An appeal from the District Court, Cleveland County, Alan J. Couch, Judge.

Tony James Martinez, appellant, was convicted of the offense of Rape in the First Degree; was sentenced to five (5) years' imprisonment, and appeals. AFFIRMED.

Robert L. Doyel, Luttrell, Pendarvis & Rawlinson, Norman, for appellant.

Larry Derryberry, Atty. Gen., Ross N. Lillard, III, Asst. Atty. Gen., for appellee.

OPINION

BRETT, Judge:

[569 P.2d 498]

¶1 Appellant, Tony James Martinez, hereinafter referred to defendant, was charged in the District Court, Cleveland County, Case No. CRF-76-517, with the offense of Rape in the First Degree, in violation of 21 O.S. 1971 § 1114 [21-1114]. He was tried by a jury, convicted and sentenced to a term of five (5) years in the State penitentiary. From the above stated judgment and sentence the defendant has perfected a timely appeal to this Court.

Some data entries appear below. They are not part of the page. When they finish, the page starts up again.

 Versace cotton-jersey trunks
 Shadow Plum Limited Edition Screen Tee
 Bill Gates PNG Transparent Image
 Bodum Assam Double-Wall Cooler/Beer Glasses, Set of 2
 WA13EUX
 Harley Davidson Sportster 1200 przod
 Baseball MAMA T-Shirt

¶2 Briefly stated, the facts adduced at trial are as follows. On the afternoon of May 16, 1976, at approximately 2:00 p.m., Linda Sharon Corey, the prosecutrix, and her daughter Angela Corey went to Lake Thunderbird to sunbathe. While so occupied at the lakeside, two male individuals, one of whom was identified as the defendant at trial by both the prosecutrix and her daughter, approached and engaged Ms. Corey in conversation. However, shortly after arrival the defendant grabbed Ms. Corey's 6-year-old daughter Angela, and while holding a knife to her throat, threatened to do her bodily harm if Ms. Corey did not submit to their wishes. The defendant, preceded by his companion, then had sexual intercourse with the prosecutrix.

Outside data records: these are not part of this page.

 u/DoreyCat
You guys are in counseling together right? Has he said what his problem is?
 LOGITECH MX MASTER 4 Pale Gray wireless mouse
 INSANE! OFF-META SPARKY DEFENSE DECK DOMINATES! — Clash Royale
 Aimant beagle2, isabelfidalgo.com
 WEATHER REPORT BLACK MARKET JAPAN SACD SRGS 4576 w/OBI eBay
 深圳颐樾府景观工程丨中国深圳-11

¶3 Approximately 15 minutes after the initial encounter, the assailants fled the scene after seeing a boat approaching. At this time Ms. Corey put on her clothes and, after ascertaining that her assailants were gone, left the lake area. Upon leaving, she encountered Officer Lippman of the Norman Police Department and she recounted to him the preceding events. Further, in [569 P.2d 499] answer to his questions she denied that there had been actual penetration. After giving a description of her assailants, Ms. Corey apparently went home.

¶4 The next day Officer Looney, also of the Norman Police Department, visited her home with a "book of pictures," for possible identification. She informed Officer Looney that there had actually been penetration, but that she had initially denied it because she was embarrassed about the incident.

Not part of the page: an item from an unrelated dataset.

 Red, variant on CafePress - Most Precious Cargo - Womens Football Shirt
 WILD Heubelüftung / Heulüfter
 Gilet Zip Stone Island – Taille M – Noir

¶5 The defendant's first assignment of error alleges as error the refusal to dismiss this case before trial because the defendant was incarcerated for three and a half months without a preliminary hearing. In this case, it appears that an information charging the defendant with rape in the first degree was filed on June 1, 1976, and set for preliminary hearing on July 8, 1976. However, said hearing was postponed by agreement until July 29, 1976, because of the unavoidable absence of the magistrate. On July 29, 1976, because of the absence of a key witness who had been properly served with a subpoena on July 8, 1976, and admonished by Judge Alma Wilson to appear on July 29, the case was dismissed.

¶6 On July 29, 1976, a new information was filed against the defendant, and preliminary hearing was scheduled for September 9, 1976. However, once more the case was dismissed for failure of the complaining witness to appear for preliminary hearing. On September 9, 1976, the State once more refiled an information. The preliminary hearing was finally held on September 16, 1976, and the defendant was bound over for trial, which commenced on the 24th of September, 1976.

¶7 The law in Oklahoma concerning the State's right to refile criminal charges is very broad, as is recognized by the defendant in his brief. Title 22 O.S. 1971 § 817 [22-817]. Lampe v. State, Okl.Cr., 540 P.2d 590 (1975). Also see, State v. Robinson, Okl.Cr., 544 P.2d 545 (1975), and Chase v. State, Okl.Cr., 517 P.2d 1142 (1973). In fact, in Lampe v. State, supra, a case very similar to the instant case, this Court ruled that the fact that a case had been twice dismissed at preliminary hearing for lack of witnesses would not bar subsequent refiling, and such refiling would not constitute double jeopardy, denial of due process or denial of speedy trial under the facts of that case. In Lampe v. State, supra, the time lapsed from the date of refiling of information until the date on which the preliminary hearing was actually heard was, in fact, longer than in the instant case, and the facts do not appear to differ sufficiently to distinguish the two cases.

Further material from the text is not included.